At 1010, process 1000 may involve control circuitry 910 receiving a plurality of different types of sensor signals from a plurality of sensors 920 (1) -920 (N). Process 1000 may proceed from 1010 to 1020.

At 1020, process 1000 may involve control circuitry 910 generating first depth-related information for a scene and second depth-related information for the scene based on the plurality of sensor signals. Process 1000 may proceed from 1020 to 1030.

At 1030, the process 1000 may involve the control circuitry 910 fusing the first depth-related information and the second depth-related information to generate a fused depth map of the scene.

In some implementations, upon receiving multiple sensor signals of different types from multiple sensors 920 (1) -920 (N), process 1000 may involve control circuitry 910 receiving multiple sensor signals from two or more of the following: RGB camera, gray-scale camera, IR camera, RGB-IR camera, gray-scale IR camera, RGB-DB camera, gray-scale DB camera, and TOF sensor.

In some implementations, the process 1000 may involve the control circuitry 910 performing a plurality of operations in generating the first depth related information and the second depth related information. For example, process 1000 may involve control circuitry 910 generating a first depth map and a first confidence map based on at least a first sensor signal of a plurality of sensor signals 920 (1) -920 (N) of a first type. Additionally, the process 1000 may involve the control circuit 910 generating a second depth map and a second confidence map based on at least a second sensor signal of the plurality of sensor signals 920 (1) -920 (N) of a second type different from the first type.

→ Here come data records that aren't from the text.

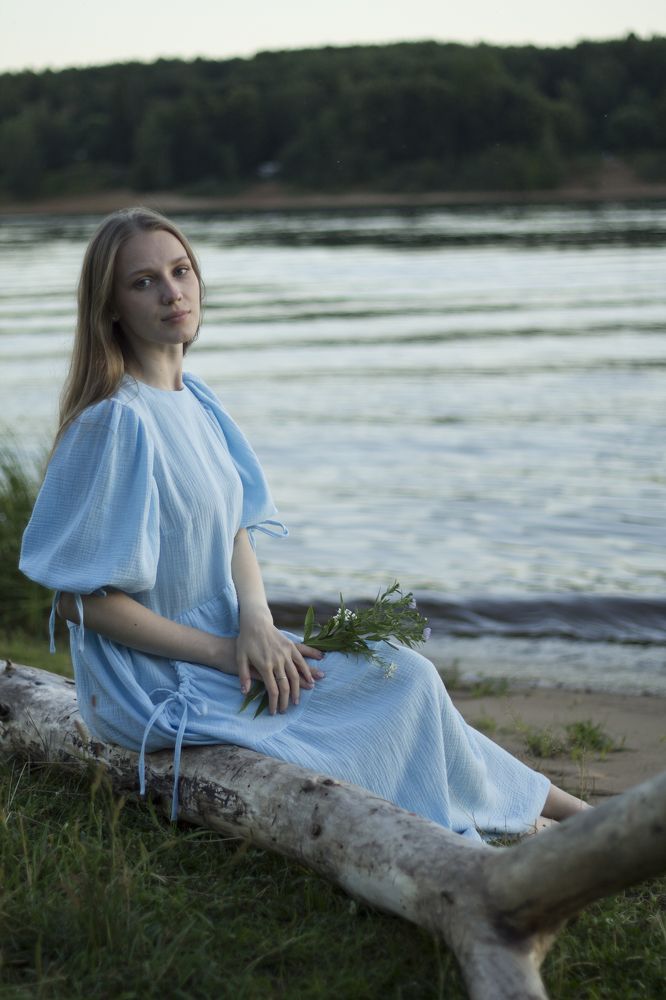 Photograph by Ирина Ганина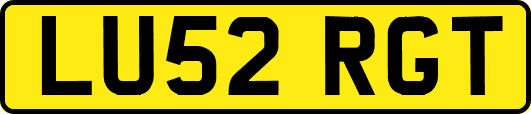 LU52RGT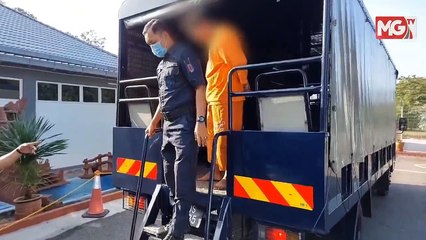 ((LIVE)) Tony Pua Nafi Buat Hantaran Menghasut. Pelajar Tingkatan 3 Rogol Murid Darjah 6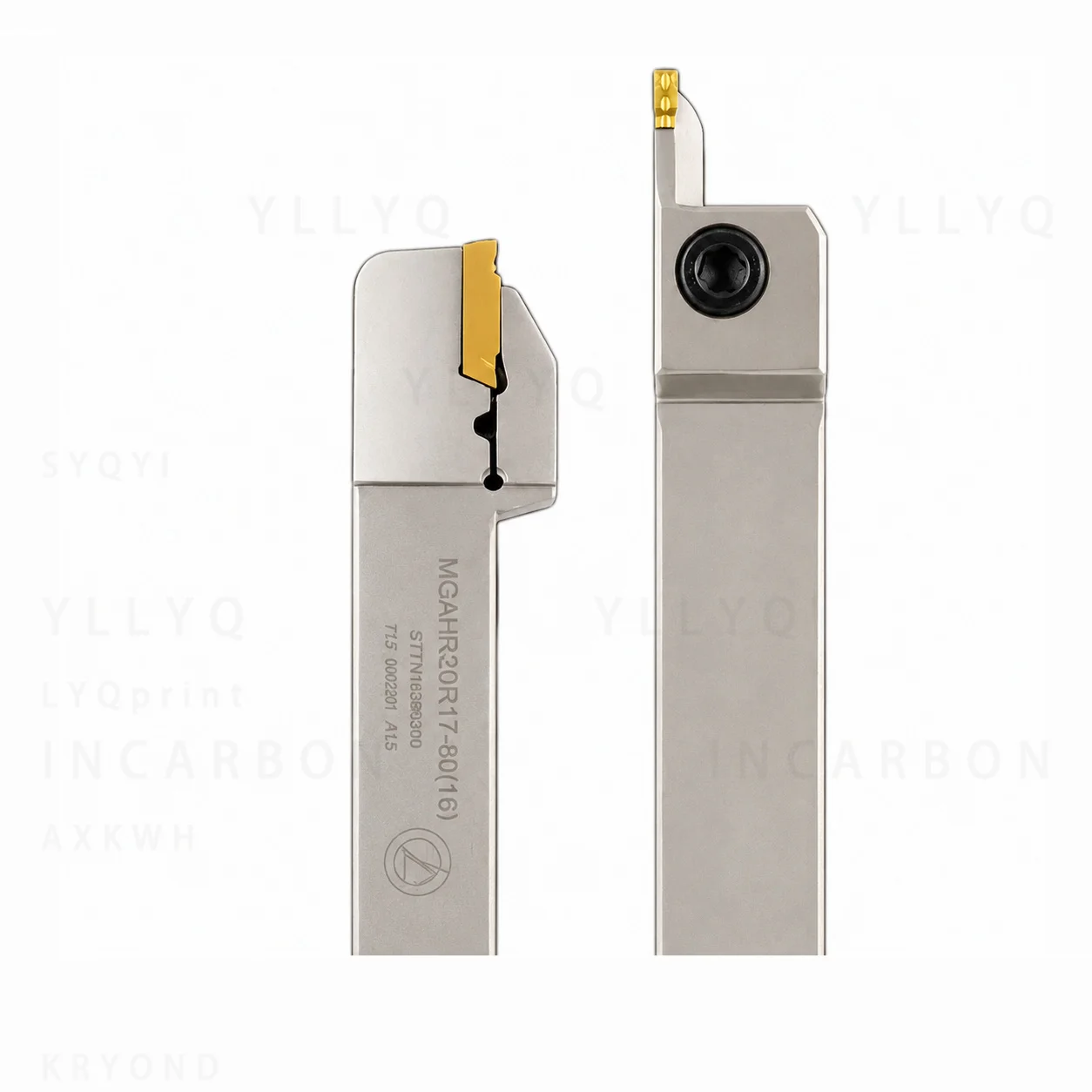 MGAH MGAH220 MGAH320 MGAH420 High-end Spring Steel External Reverse End Face Groove Cutter, 24-400mm for Mechanical Lathe
MGAH MGAH220 MGAH320 MGAH420 High-end Spring Steel External Reverse End Face Groove Cutter, 24-400mm for Mechanical Lathe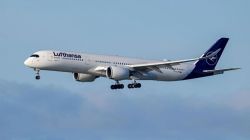 Who is Praneeth Kumar Usiripalli? Indian student allegedly stabs 2 teens on Chicago-Germany Lufthansa flight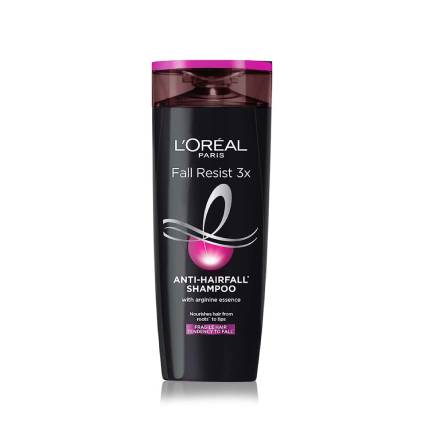 Loreal Paris Shampoo Anti Hair Fall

In some implementations, in generating the first depth map and the first confidence map, the process 1000 may involve the control circuit 910 generating the first depth map and the first confidence map using a structured light method or a TOF method. In some implementations, in generating the second depth map and the second confidence map, the process 1000 may involve the control circuit 910 generating the second depth map and the second confidence map using an active stereoscopic approach or a passive stereoscopic approach.

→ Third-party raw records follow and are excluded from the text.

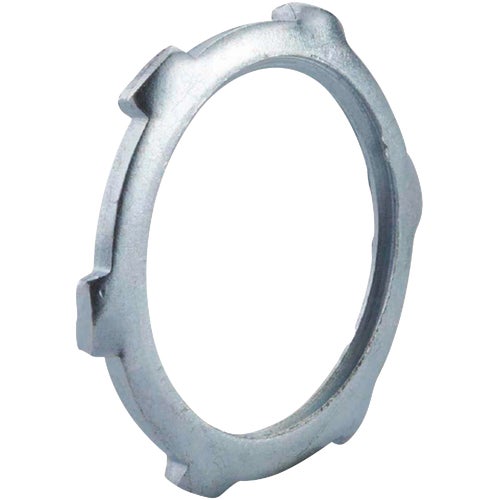 26191 Halex Reversible Conduit Locknut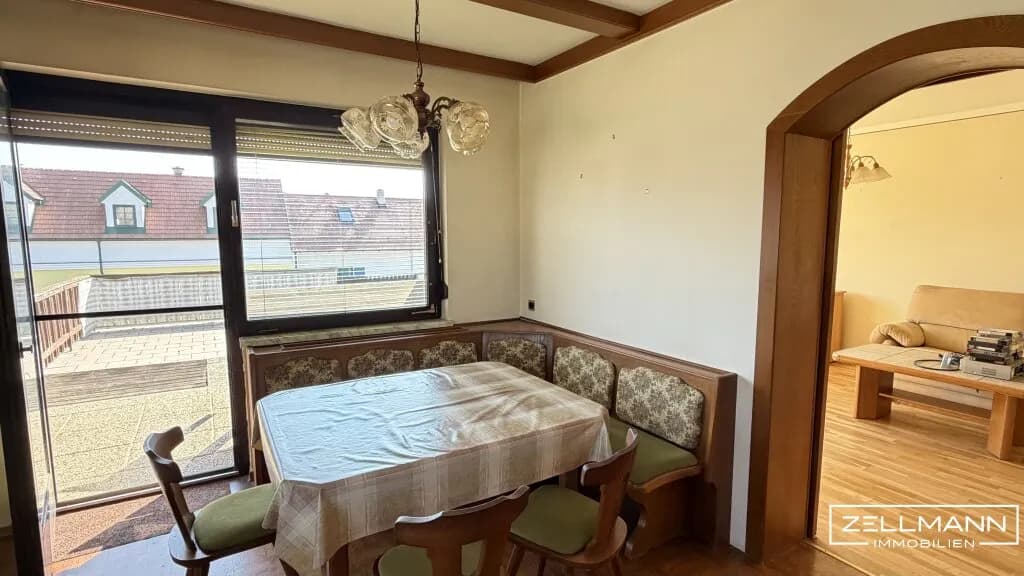 5-Zimmer-Haus kaufen in Eisenstadt – 120,72 m², € 399.000 – Bild 19 von 30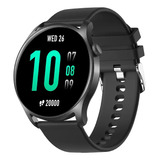 Reloj Inteligente Kc08 Smart Watch Para Samsung iPhone Moto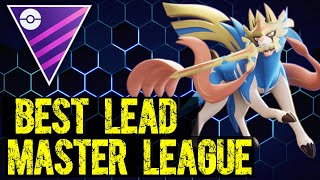 Master League LEGEND Attempt (only 2-3 sets) : Pokemon GO PVP GBL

In some implementations, the process 1000 may involve the control circuitry 910 performing a plurality of operations in fusing the first depth-related information and the second depth-related information to generate a fused depth map. For example, process 1000 may involve control circuitry 910 remapping the first depth map relative to the second depth map to generate the remapped first depth map. Further, the process 1000 may involve the control circuitry 910 fusing the remapped first depth map, second depth map, first confidence map, and second confidence map to provide a fused result. Further, process 1000 may involve control circuitry 910 performing post-processing on the fusion results to generate a fusion depth map.

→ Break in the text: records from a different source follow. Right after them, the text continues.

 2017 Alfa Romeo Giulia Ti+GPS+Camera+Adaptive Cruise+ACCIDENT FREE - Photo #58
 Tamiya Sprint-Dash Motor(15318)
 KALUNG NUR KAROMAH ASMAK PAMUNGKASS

Alternatively, the process 1000 may involve the control circuitry 910 performing other operations when fusing the first depth-related information and the second depth-related information to generate a fused depth map. For example, process 1000 may involve control circuitry 910 remapping the first depth map relative to the second depth map to generate the remapped first depth map. Additionally, the process 1000 may involve the control circuitry 910 estimating an amount of cost associated with generating the first depth map and the first confidence map. Further, the process 1000 may involve the control circuitry 910 fusing the remapped first depth map, second depth map, first confidence map, second confidence map, and cost amount to provide a fused result. Further, process 1000 may involve control circuitry 910 performing post-processing on the fusion results to generate a fusion depth map. Additionally, in generating the first depth map and the first confidence map, the process 1000 may involve the control circuit 910 generating the first depth map and the first confidence map using a structured light method or a TOF method.

In some implementations, in estimating the cost amount, process 1000 may involve control circuitry 910 estimating the cost amount by calculating a combination of a weighted cost associated with the stereoscopic approach and a weighted cost associated with the structured light approach.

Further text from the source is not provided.